The audio specialists had been sub-contracted by main technical production company Hawthorns, which was in turn introduced to the project by event organizer, Media 10. The Royal Warrant Holders Association hosted both the Coronation Festival and exhibition in the Gardens of Buckingham Palace.
RG Jones, themselves Royal Warrant Holders, participated in the exhibition (along with more than 200 others) while simultaneously providing sound reinforcement for the Gala concerts. In fact the RG Jones stand exhibited an original Morris J-type—the same as the one used by the original founder Ronald Geoffrey Jones back in the 1920s.
As with Glastonbury, RG Jones’ project manager Ben Milton relished the challenge of project managing a large-scale event, but unlike Glastonbury where Martin Audio’s W8L Longbow system was deployed, Milton said the system of choice this time would be the company’s W8LC and W8LM systems.
“We have used the W8LC system for so many classical concerts of this size in the past that we were confident it would sound fantastic and give us no sleepless nights,” Milton states. “It just works so well.”
But the implementation of the system for the Raymond Gubbay promoted Gala concerts was far from straightforward, as Milton emphasizes. “Aside from the stringent guidelines and provisos we had to follow, the PA wings were extremely wide—around 310 feet between left and right––which required an additional L/C/R center system flown over the stage.”
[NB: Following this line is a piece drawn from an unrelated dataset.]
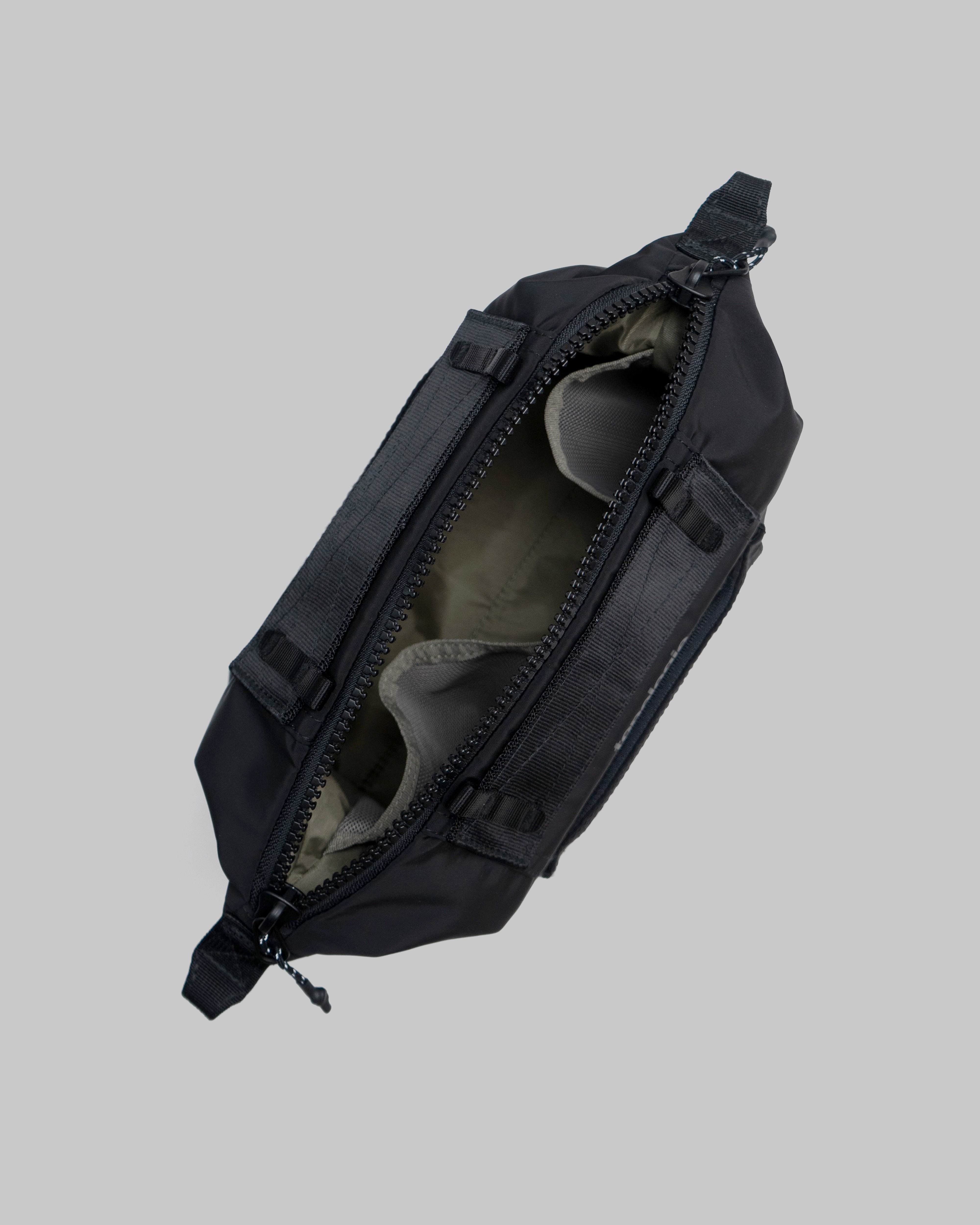 Explorer Tote Small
And with a wide range of artists celebrating 60 years of the performing arts—including Dame Kiri Te Kanawa, Katie Melua, Russell Watson, Katherine Jenkins, Laura Wright, Only Boys Allowed, The Feeling, as well as the National Youth Orchestra and Matthew Bourne’s New Adventures–—there was quite a line-up of talent for Milton and Simon Honywill at the FOH mixing desk.
“I love the challenge of having 250-plus inputs on the desk with multiple acts,” says the former, explaining that this included active splits from the stage, sent to the BBC broadcast OB trucks.
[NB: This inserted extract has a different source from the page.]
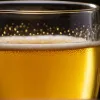 Ученые выяснили: Толщина края бокала влияет на восприятие сладости пива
Out on each wing, in front of the Palace terrace, two hangs of 14 Martin Audio W8LC elements were mounted on smart PA masts.
A further three center in-hangs formed the thrust canopy PA. This comprised six W8LM Mini line arrays (with two W8LMD Downfills at the base), flanked by two hangs of eight W8LC to produce an L/C/R image.
Under the thrust stage, there were four gauze-covered WLX subs with a further six ground stacked WLX under the two speaker masts (three per side). Finally, eight Martin Audio DD6 Differential Dispersion horns were positioned along the front lip as close fills.
All processing was carried out in an XTA Audiocore environment, with system technician Mark Edwards equalizing and time aligning the system remotely via a wireless tablet.
Milton says, “The in-hangs had to do all the work and we had to deal with timing issues between the wide hangs and the inner hangs. The LC’s worked fantastically well and provided full 330-foot coverage without delays for 20,000 people. In fact when you sat in the middle of the auditorium it was just like a cinematic setting carefully time aligned to get the stereo image, and wherever you went it delivered and it was still high fidelity sound.”
The audio complemented the width of the stage, he notes, adding that both Tim Davies [BBC Television sound supervisor] and the orchestra had expressed their delight with the sound. “The whole event was special because you simply forgot where you were. The Palace provided an amazing backdrop.”
Supporting system designer Milton, were FOH engineer Honywill, system tech Edwards, and James Breward (system/comms), and on stage, Mark Isbister (patchmaster), Alison Dale (RF and orchestral miking), Damon Dyer (monitors) and Ian Threlfall (stage).